This is a critical gap to address given the growing commonality of cross-platform single-cell RNA sequencing (scRNA-seq) datasets that exhibit differential patterns in the underlying biological and technical variability. In this paper, we present a novel, platform-agnostic approach to differential expression analysis that is applicable across platforms. Key to our approach is the use of self-adaptive Tweedie models that take into account the rich diversity of data distributions generated by rapidly evolving scRNA‐seq technologies.

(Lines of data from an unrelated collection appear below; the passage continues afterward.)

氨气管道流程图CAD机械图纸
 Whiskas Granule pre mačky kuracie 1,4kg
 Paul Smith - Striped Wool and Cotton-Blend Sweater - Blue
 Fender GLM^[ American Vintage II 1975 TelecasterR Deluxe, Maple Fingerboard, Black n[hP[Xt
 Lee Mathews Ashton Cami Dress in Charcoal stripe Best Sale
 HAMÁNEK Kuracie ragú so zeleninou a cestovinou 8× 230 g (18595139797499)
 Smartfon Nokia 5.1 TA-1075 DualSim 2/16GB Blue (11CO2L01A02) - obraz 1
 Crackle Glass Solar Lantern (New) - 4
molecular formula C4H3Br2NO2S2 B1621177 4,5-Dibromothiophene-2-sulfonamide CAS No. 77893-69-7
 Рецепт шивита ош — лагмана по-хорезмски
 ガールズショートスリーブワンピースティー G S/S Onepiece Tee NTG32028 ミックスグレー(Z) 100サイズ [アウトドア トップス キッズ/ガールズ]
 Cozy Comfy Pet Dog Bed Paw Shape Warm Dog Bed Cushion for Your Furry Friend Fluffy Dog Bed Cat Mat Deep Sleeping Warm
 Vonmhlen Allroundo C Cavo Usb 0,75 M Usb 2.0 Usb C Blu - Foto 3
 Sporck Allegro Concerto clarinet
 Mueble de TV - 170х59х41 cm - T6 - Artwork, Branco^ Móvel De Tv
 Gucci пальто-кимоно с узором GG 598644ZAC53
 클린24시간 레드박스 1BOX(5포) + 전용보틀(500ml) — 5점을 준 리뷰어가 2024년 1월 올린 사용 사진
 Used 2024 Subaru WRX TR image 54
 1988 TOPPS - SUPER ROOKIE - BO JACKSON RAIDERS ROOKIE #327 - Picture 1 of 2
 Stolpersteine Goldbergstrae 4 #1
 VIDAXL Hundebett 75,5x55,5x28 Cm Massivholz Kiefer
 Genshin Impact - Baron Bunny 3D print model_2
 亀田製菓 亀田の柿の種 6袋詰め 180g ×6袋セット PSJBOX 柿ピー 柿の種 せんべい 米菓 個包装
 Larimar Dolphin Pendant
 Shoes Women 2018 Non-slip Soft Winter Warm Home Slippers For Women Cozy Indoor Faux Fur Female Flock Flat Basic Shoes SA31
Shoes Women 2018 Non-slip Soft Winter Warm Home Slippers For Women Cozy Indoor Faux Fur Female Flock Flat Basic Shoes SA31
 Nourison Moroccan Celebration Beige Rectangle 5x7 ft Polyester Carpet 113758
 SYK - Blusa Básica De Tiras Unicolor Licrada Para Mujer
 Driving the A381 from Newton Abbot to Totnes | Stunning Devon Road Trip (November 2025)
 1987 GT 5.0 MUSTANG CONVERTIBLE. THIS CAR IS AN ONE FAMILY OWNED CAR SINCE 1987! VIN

Through simulation studies, we demonstrate that our method (Tweedieverse) outperforms existing differential expression analysis methods while controlling appropriate error rates at desired levels. By re-analyzing public single-cell gene expression datasets, we demonstrate that our approach can identify biological discoveries that otherwise cannot be revealed by existing approaches.
Tweedieverse is scalable to datasets with tens of thousands of genes measured on tens of thousands of cells. The open source software implementation of our method (in the R programming language) is available at: https://github.com/himelmallick/Tweedieverse.
Beyond scRNA-seq studies, Tweedieverse can be applied to other structurally similar data modalities such as metagenomics, metatranscriptomics, and spatial transcriptomics with similar zero-inflated and semi-continuous data distributions. We conjecture that due to their flexibility, the proposed Tweedie models would retain their strong empirical and theoretical properties in these other settings.